The premise was simple. Community members were invited to knit a rainbow colored scarf, and on October 1st the community was invited to a training session on how to prevent bullying in the community. Following the training, people who were willing to take an anti-bullying pledge and commit to doing something in the community to prevent and end bullying were invited to take a scarf and to wear it this winter. The hope is that brightly colored scarves create a bold, visible presence in the community, stir up conversation and awareness, remind people of their covenant and commitment, and help those being bullied to identify allies.
The response was tremendous. Long time knitters met to teach first timers. Kids as well as adults worked to create over 110 scarves.

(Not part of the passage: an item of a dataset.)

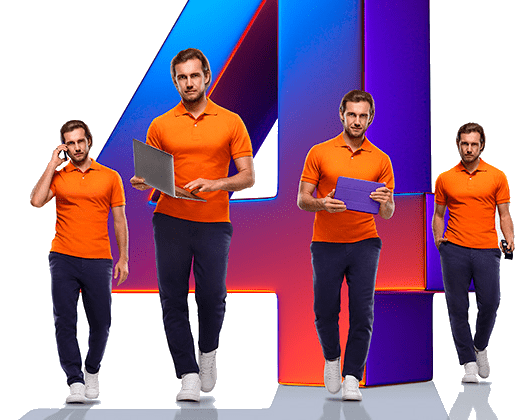 Великолепная четверка Ростелеком в&nbsp;деревня Большая Каменка (Орловская область)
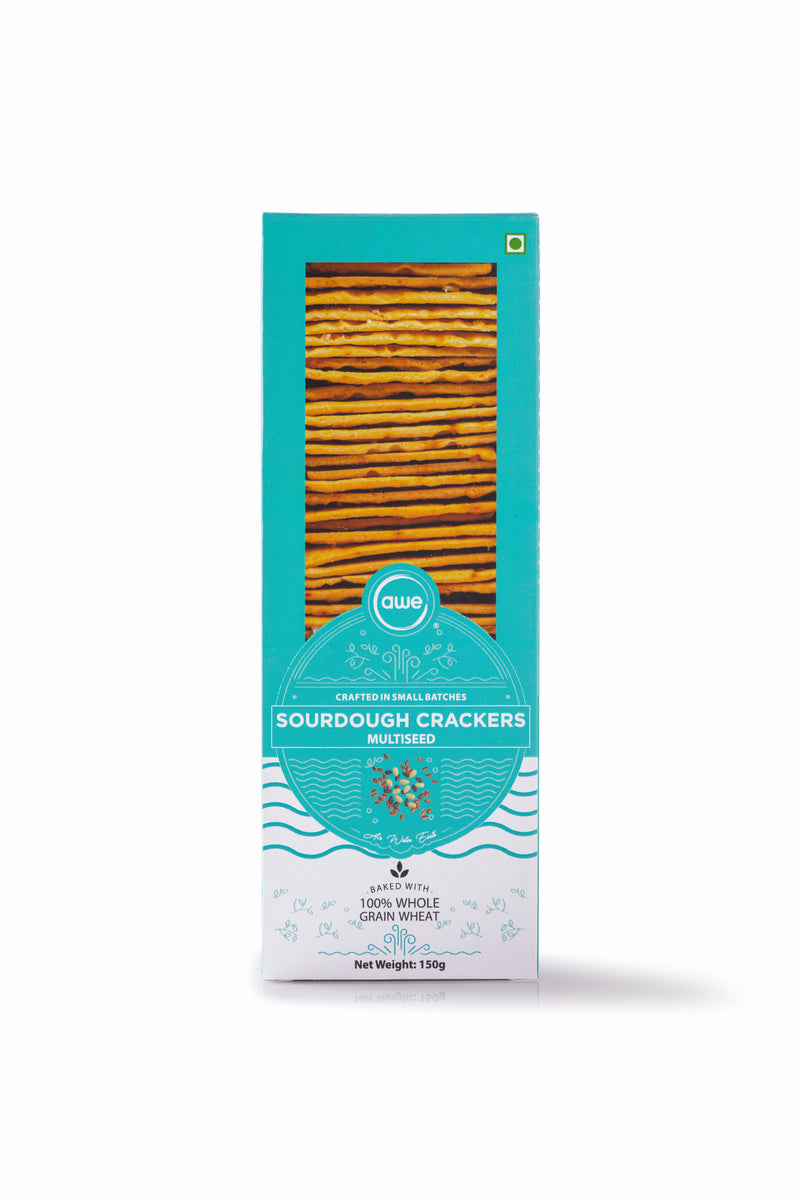 Sourdough Crackers - Multiseed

I had the privilege to read and invite people to pledge to be a part of the movement. The pledge was as follows: I believe everybody has the right to live in a community where they feel safe, included, valued, and accepted. I will treat others with respect and kindness. I will act with compassion and not be a bully. I will act with courage and not be a bystander. I will use my actions, my words, my presence to support those who have been bullied and to let them know that they are not alone. As a member of this community, I pledge to be a part of the solution and to do something that actively contributes to ending bullying.

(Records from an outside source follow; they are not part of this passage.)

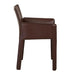 Lachlan Dining Armchair - Burgundy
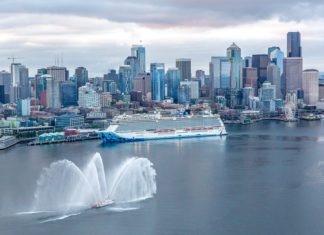 Norwegian Bliss ist das größte jemals in Seattle getaufte Schiff!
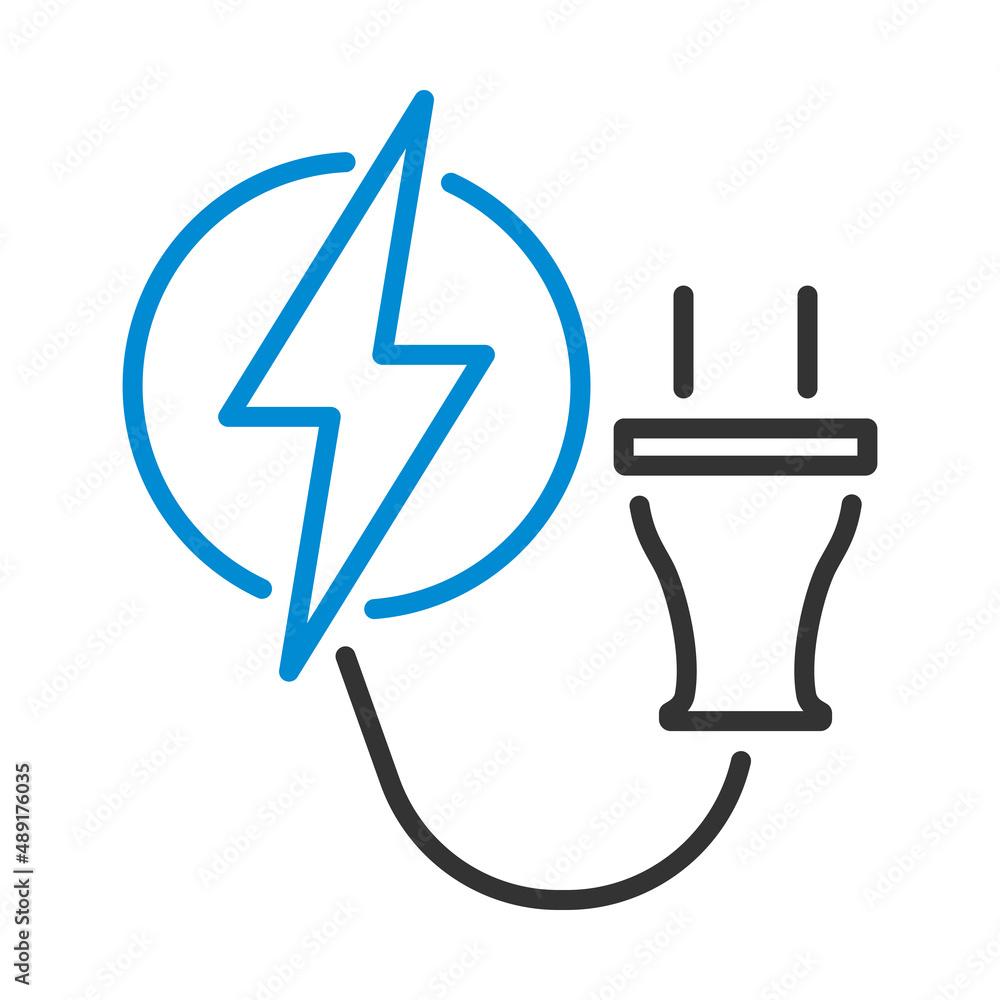 Poster Electric Plug Icon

Ginger Meyette, a professor at the local college and friend of the congregation, said it well, “This project is visible and people can do something,” she said. “In the knitting of the scarf itself, you’re weaving a certain amount of yourself into that scarf, and then wearing a scarf that someone else made, it ties the community together in a way that some projects don’t do. Sometimes you feel like just an individual, trying to voice your views about things.”

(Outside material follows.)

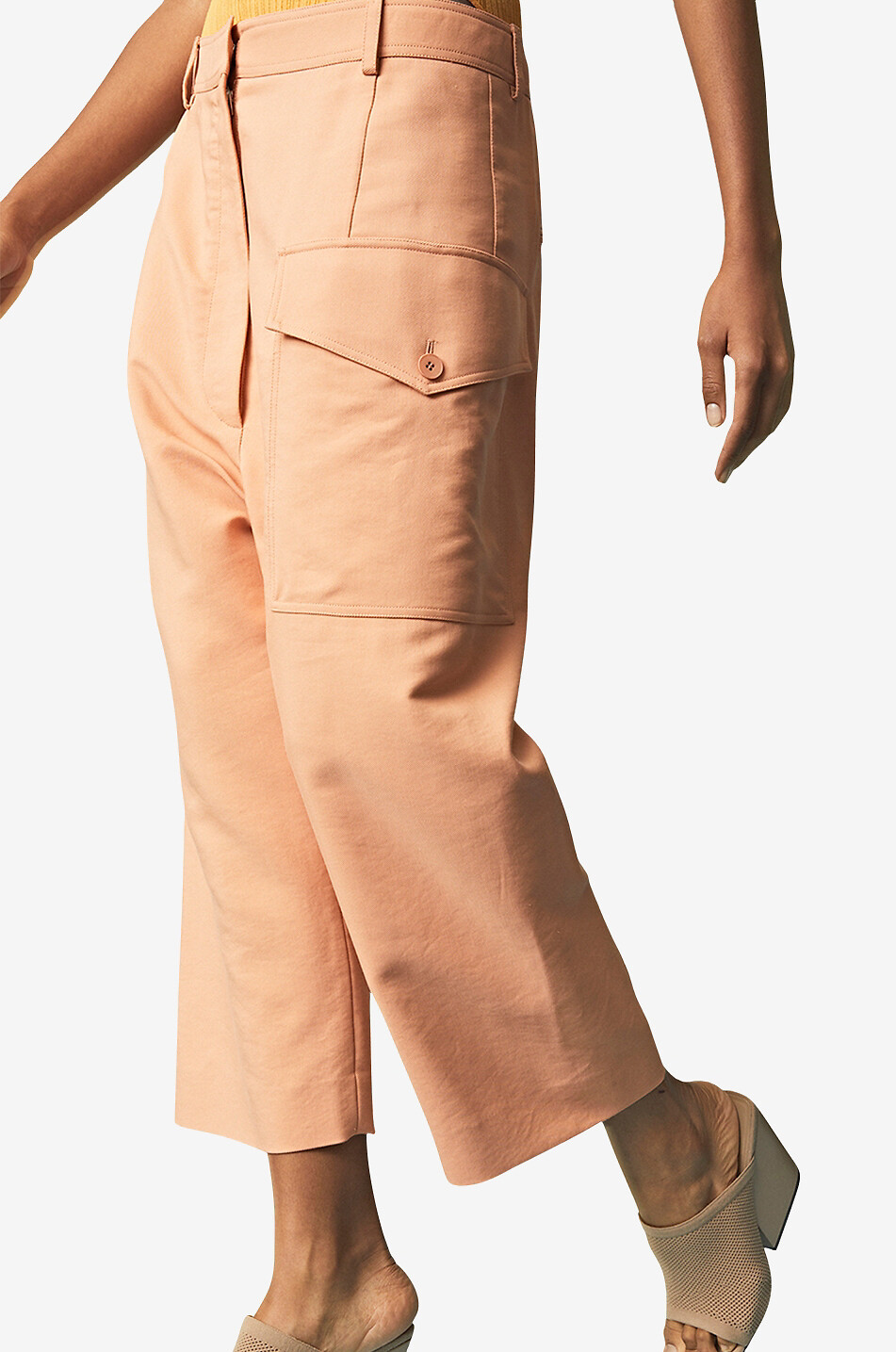 STELLA McCARTNEY Verkürzte weite Hose im Cargo-Stil Damen ROSA 3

It was a powerful project and one that is only the beginning of the work. Bullying is a problem in many of our communities and even in our churches. As the project in Decorah asked, what will you do to prevent and end bullying?
If you’d like a copy of the press releases, posters, organizing plans, or pledge to adapt in your own community, feel free to email me (email@example.com). We would be honored to share. Pictured above are Laura and President of the college knitting group (the Norse Knitters) Jacqueline Congello who presented the scarves they produced.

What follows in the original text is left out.